The names below link to the refactoring.guru page on the various smells.

  1. Duplicate Code AKA DRY
    — extract out the common bits into their own method (extract method) if code is in same class
    — if two classes duplicate code, consider extract class to create a new class to hold the shared functionality.
  2. Long Method
    extract method!
  3. Long Parameter List
    replace parameter with method call: don't pass data the receiver can get on its own accord — receiver explicitly asks for data itself. You may need to pass an object as argument that the callee can then fetch all the goodies from.
    OR: if the parameters are a natural, self-contained grouping, introduce parameter object.
    Example: day month, year, hour minute second parameters ==> date parameter
    — both of these changes are turning passive objects into more active objects, a Good Thing.
  4. Divergent Change (a.k.a. SRP violation)
    If you have a fixed class that does distinctly different things consider separating out the varying code into varying classes (extract class) that either subclass or are contained by the non-varying class. This smell is closely related to the Single Responsibility Principle.
  5. Shotgun Surgery (more details)
    The smell: adding a new feature requires very similar code to be added to a bunch of places, and copy/paste is likely involved.
    — try to move method and move field to put the common bits into one place so no copy/paste needed.
  6. Feature Envy
    Method in one class uses lots of pieces from another class.
    move method to move it to the other class.
  7. Data Clumps
    Data that's always hanging with each other (e.g. name/street/zip). If its clumping, its a concept
    extract class to make a new class just for that data. Will also help trim argument lists too since name street zip now passed as one address object. Closely related to long parameter list above.
  8. Switch (case) statements
    Yes, any switch can potentially smell, and especially instanceOf ones.

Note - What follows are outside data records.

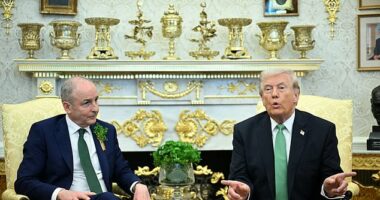 Donald Trump with Ireland's Taoiseach Micheal Martin on Tuesday. The President has said he is 'not afraid' of anything, even sending ground troops to Iran in a Vietnam War-style invasion
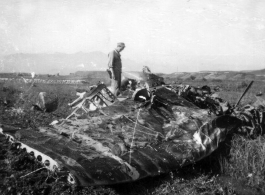 A GI examines the wing of a crashed aircraft in the CBI during WWII.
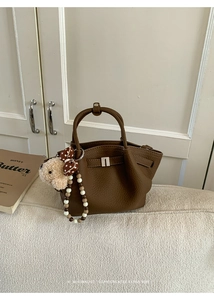 Detail of coffee brown lychee pattern bucket bag with plush bear charm and beaded handle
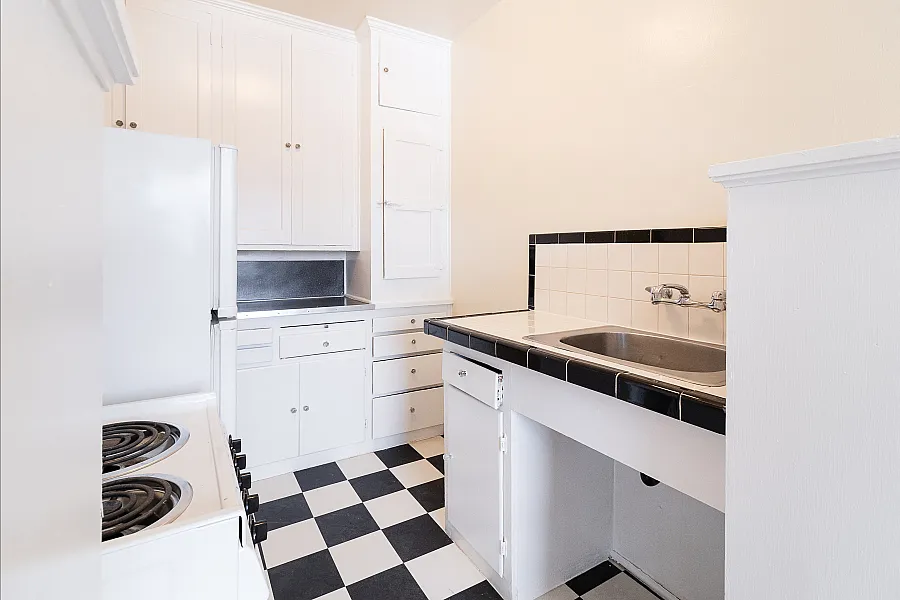 Charming kitchen with classic black and white checkered floor, abundant white cabinetry, and sleek integrated appliances for a modern touch.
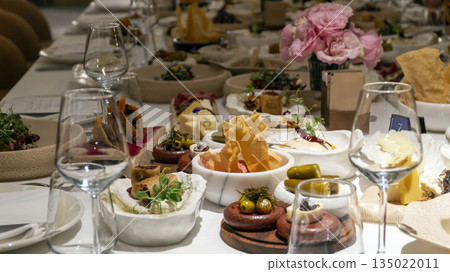 Luxury banquet table with Mediterranean mezze appetizers, pink rose centerpieces and wine creating elegant dining event atmosphere 135022011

    — Use inheritance and polymorphism instead (replace conditional with polymorphism or replace type code with state/strategy)

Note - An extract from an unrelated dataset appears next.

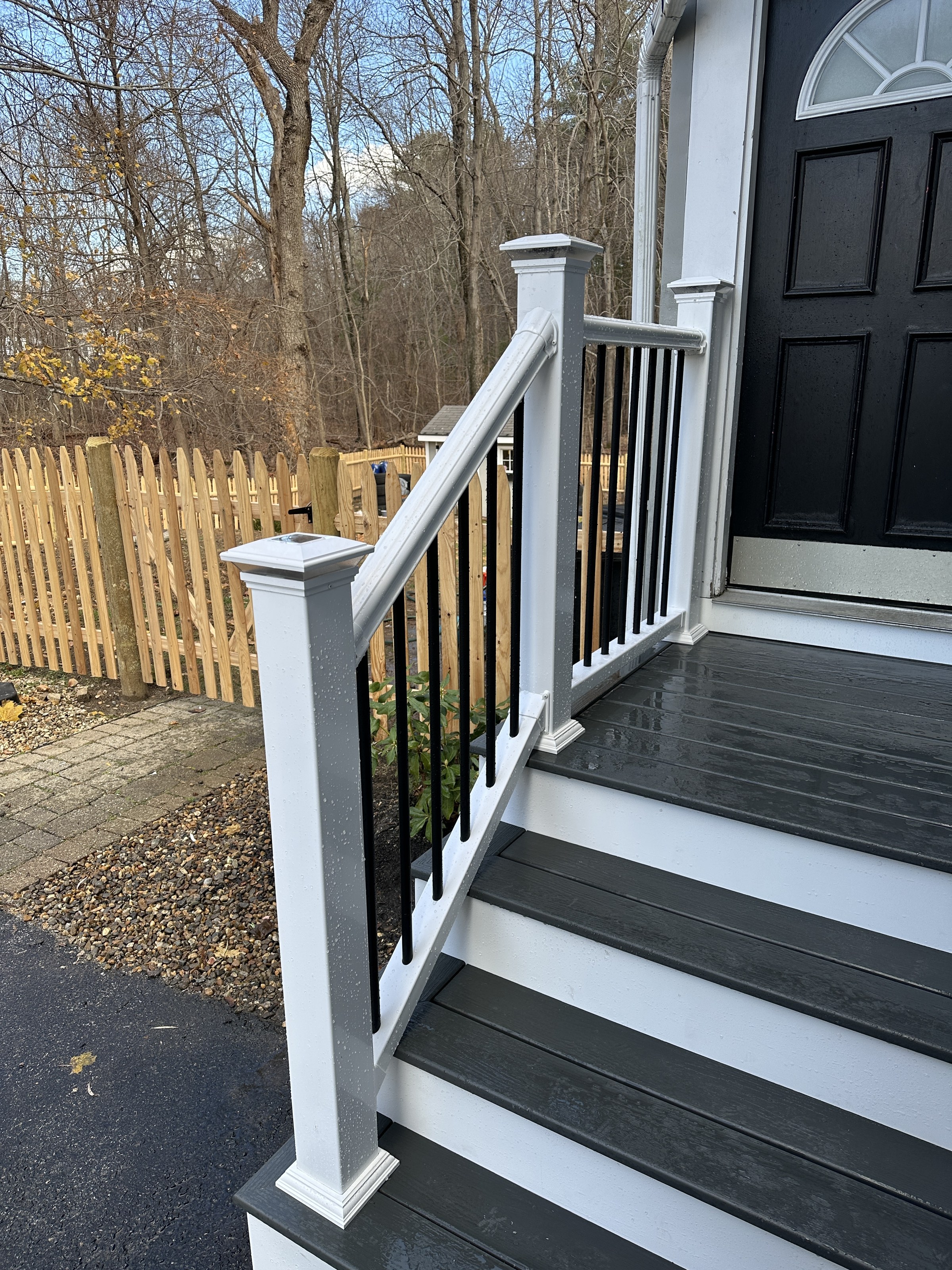Finished entry steps and railing at the top of the stairs, black front door and bare winter trees in the background, Reading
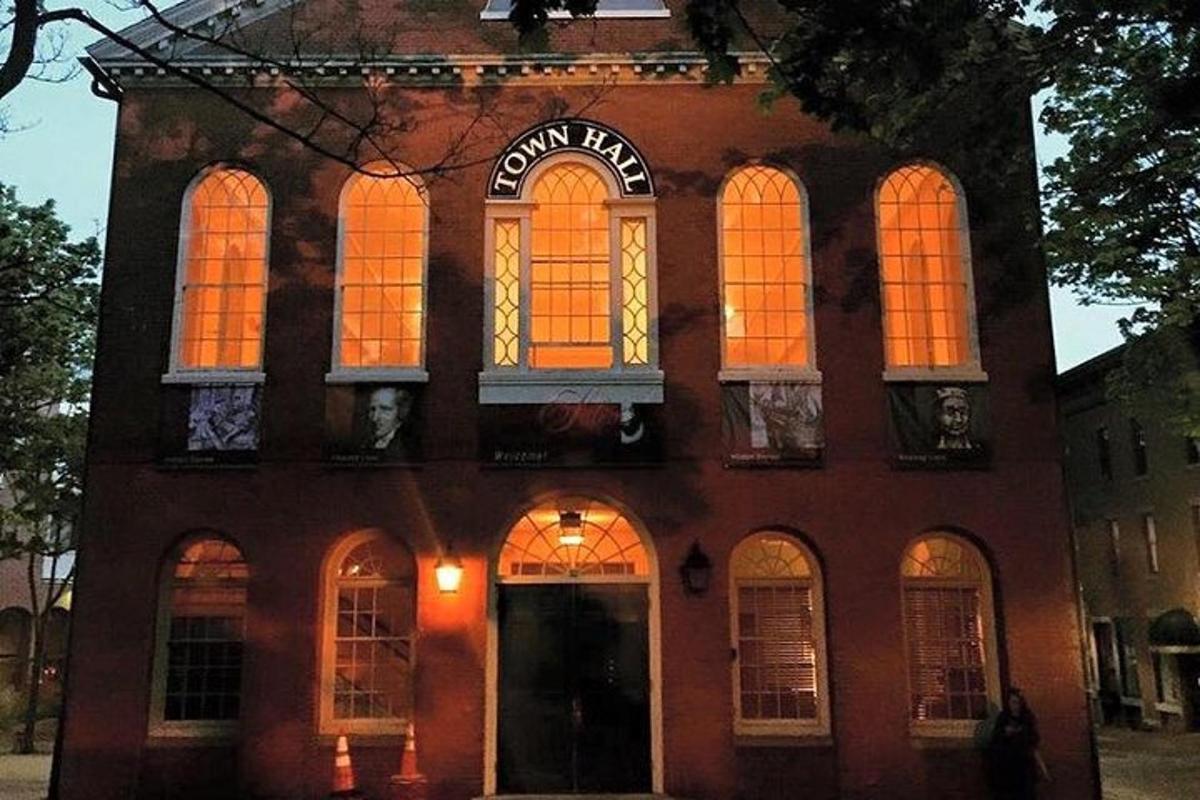 a brick building with orange lights in the windows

    — we covered an example of this in Fowler Chapter 1; one of the more difficult refactorings
  9. Lazy Class
    Class doesn't seem to be doing anything. Get rid of it!
    • collapse heirarchy if a subclass is nearly vacuous.

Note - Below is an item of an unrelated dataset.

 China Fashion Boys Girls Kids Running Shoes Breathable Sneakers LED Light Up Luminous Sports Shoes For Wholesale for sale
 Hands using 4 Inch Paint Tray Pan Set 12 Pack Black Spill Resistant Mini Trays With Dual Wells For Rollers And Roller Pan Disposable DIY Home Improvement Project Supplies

    • inline class (stick the class' methods and fields in the class that was using it and get rid of original class).
  10. Speculative generality
    Class designed to do something in the future but never ends up doing it. Thinking too far ahead. Or you though you needed this generality but you didn't.
    — like above, collapse hierarchy or inline class
  11. Message chains
    Say you want to send a message to object D in class A but you have to go through B to get C and C to get D.
    — In other words, you were writing something like a.getB().getC().getD().messageToD()
    — These are strong violations of object encapsulation / active objects philosophy
    — find a sensible spot in the middle where a logical interface can be inserted.
    — e.g. use hide delegate to hide C and D in B, and add a method to B that does what A wanted to do with D: a.getB().letDKnowThisMessage().
  12. Inappropriate Intimacy (aka Object Orgy)
    directly getting in and munging with the internals of another class.
    — Signifies lack of good interface abstractions (recall design principle, "code to interfaces not implementations")
    — To fix this, move methods, etc, to consolidate the intimate bits.
  13. Data Class aka god class aka Data-centric design
    We have already covered this in the design princinples lecture: in data-centric design, there are some data classes which are pretty much structs: no interesting methods, and one god class that is like the C main program with all the functions in it.
    — look who uses the data and how they use it and move some of that code to the data class via a combination of extract method and move method
    — the Fowler chapter 1 example had several examples of this since it was initially a completely data-centric design
  14. Comments
    Comments in the middle of methods are often deodorant. Refactor so each comment block is its own method — extract method.